= Beginning of Section =

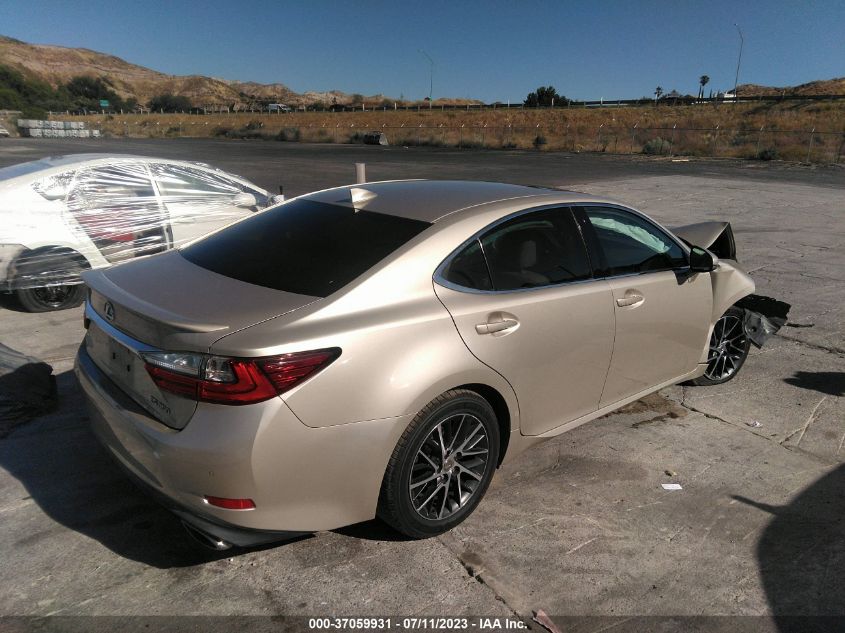 2016 LEXUS ES 350 - JTHBK1GGXG2224739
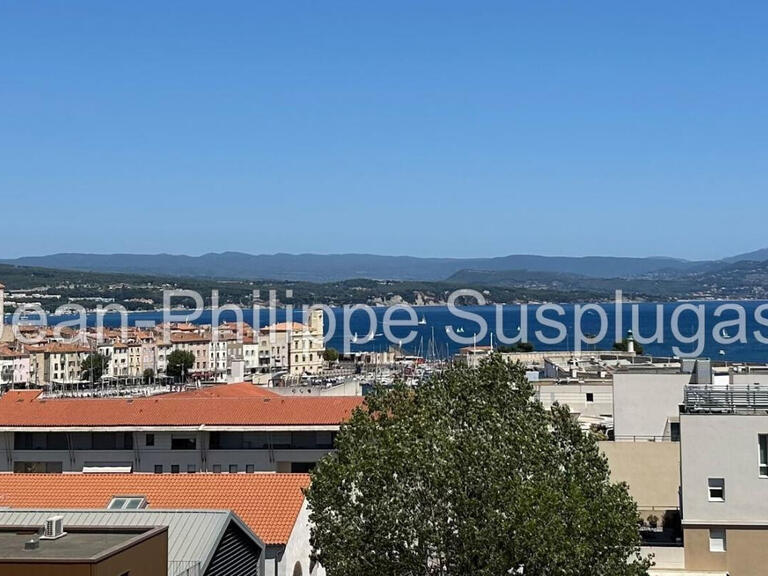 Vente Appartement La Ciotat - 3 chambres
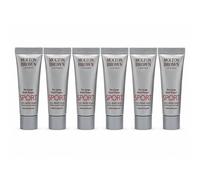 6x Molton Brown Re-charge Black Pepper Sport 4in1 Body Wash 10ml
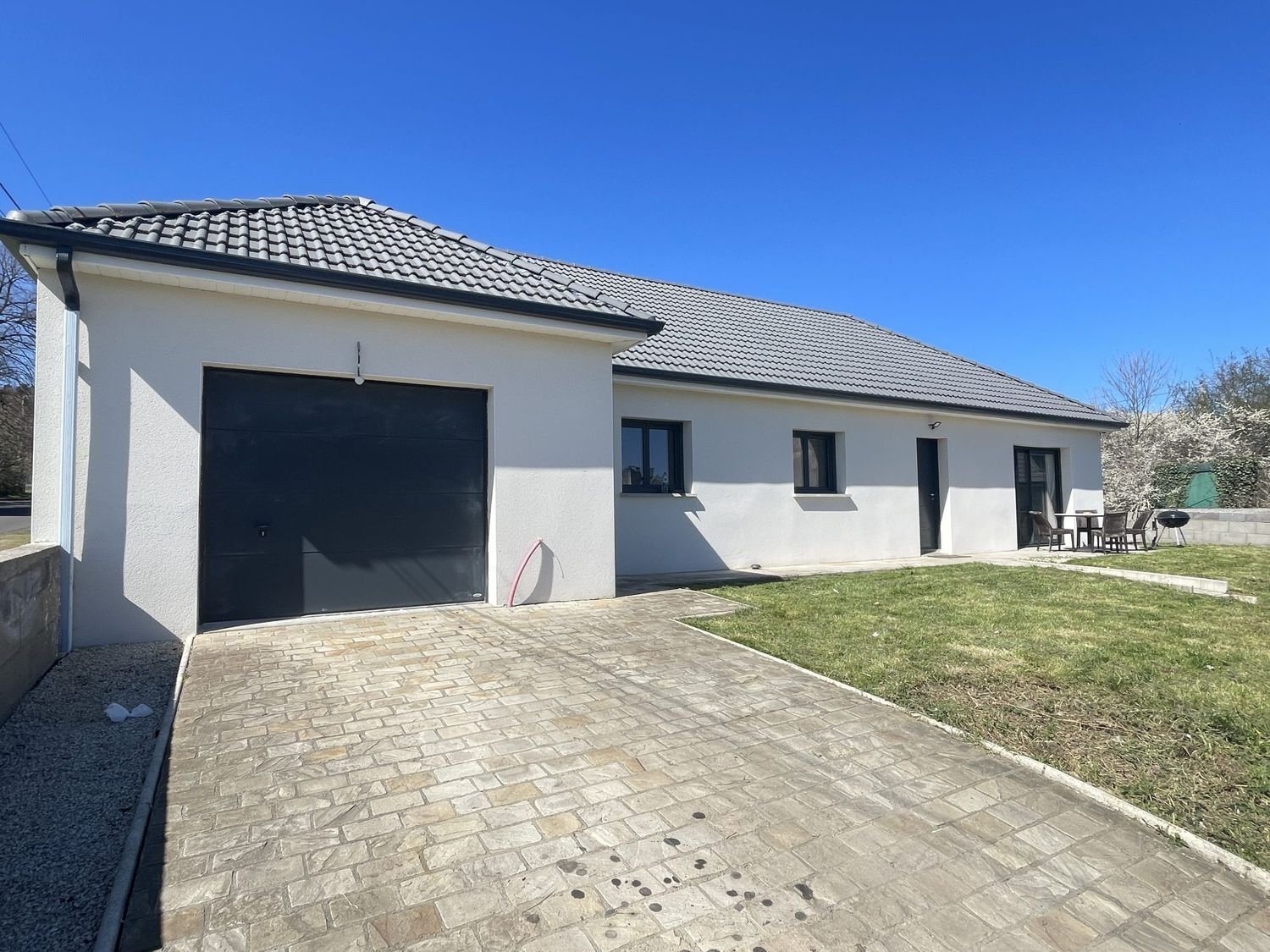 Maison à vendre, 106m², Saint-Bonnet-près-Orcival
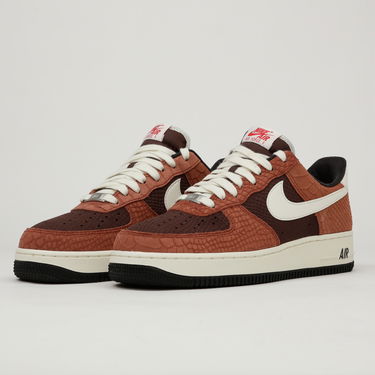 Tenisky a topánky Nike Air Force 1 Premium Hnedá | CV5567-200, 1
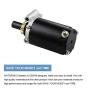 WATERWICH Starter Compatible with John Deere L110 LT133 LT155 STX46 All Tractors Replaces AM122435 12-098-15 12-098-22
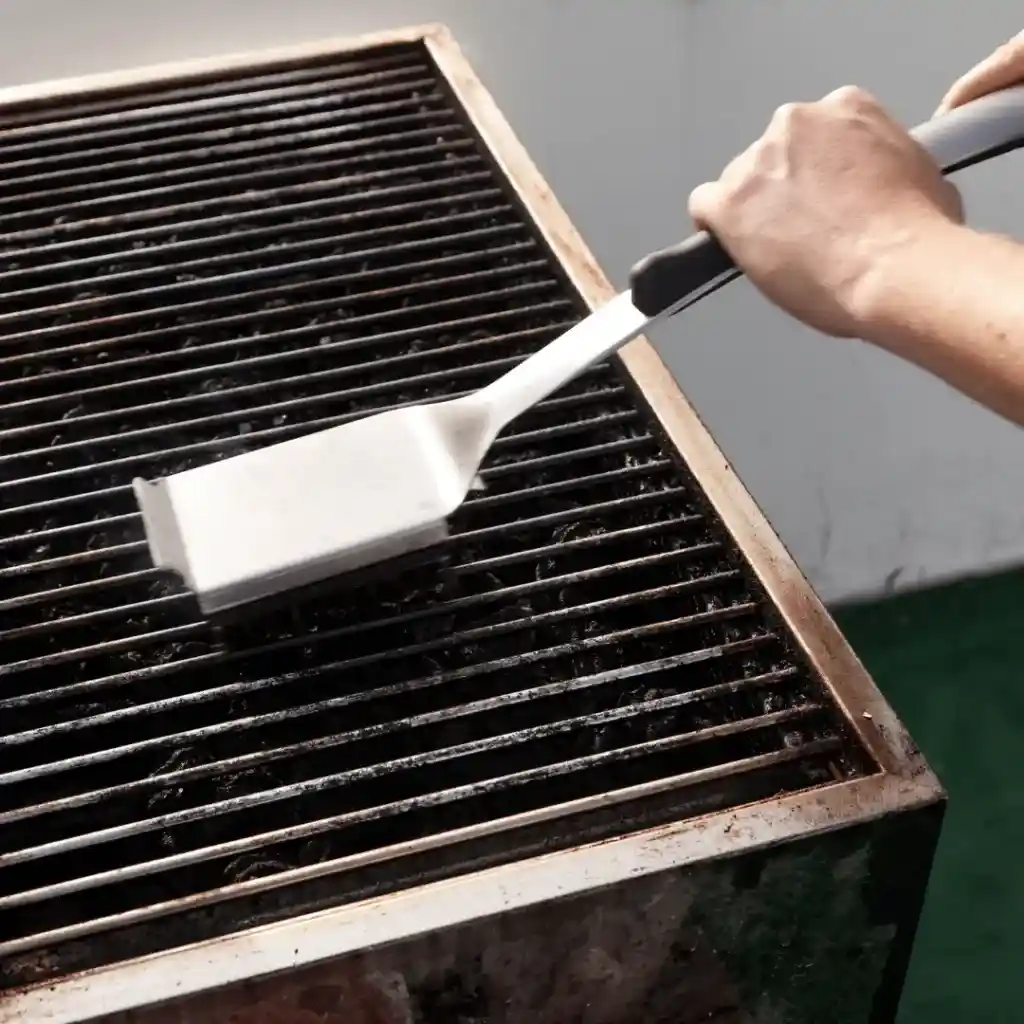 BBQ Cleaning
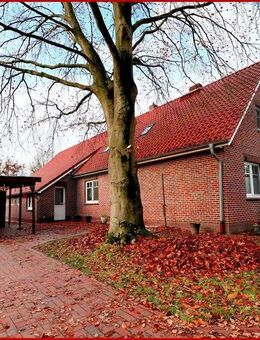 EFH * Fehnhaus * 5 ZKB * saniert * große Scheune * vermietet * Ausbaureserve * - Barßel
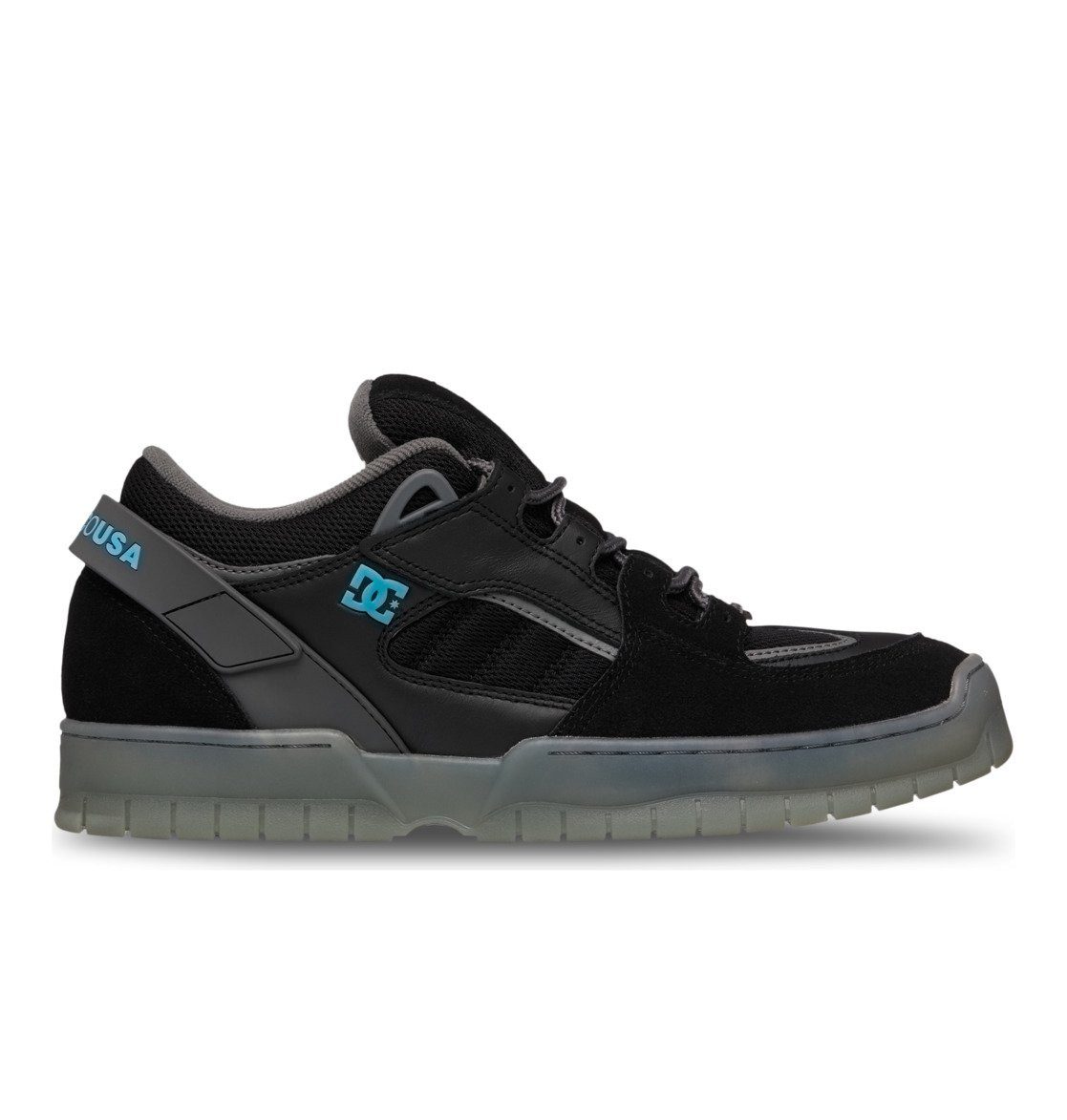 DC Shoes Klettschuh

= End of Section =

*TASK TO CARRY OUT*:
Leave the pictures out and write out every entry exactly as given.

*PROBLEM SOLUTION*:
 2016 LEXUS ES 350 - JTHBK1GGXG2224739
 Vente Appartement La Ciotat - 3 chambres
 6x Molton Brown Re-charge Black Pepper Sport 4in1 Body Wash 10ml
 Maison à vendre, 106m², Saint-Bonnet-près-Orcival
 Tenisky a topánky Nike Air Force 1 Premium Hnedá | CV5567-200, 1
 WATERWICH Starter Compatible with John Deere L110 LT133 LT155 STX46 All Tractors Replaces AM122435 12-098-15 12-098-22
 BBQ Cleaning
 EFH * Fehnhaus * 5 ZKB * saniert * große Scheune * vermietet * Ausbaureserve * - Barßel
 DC Shoes Klettschuh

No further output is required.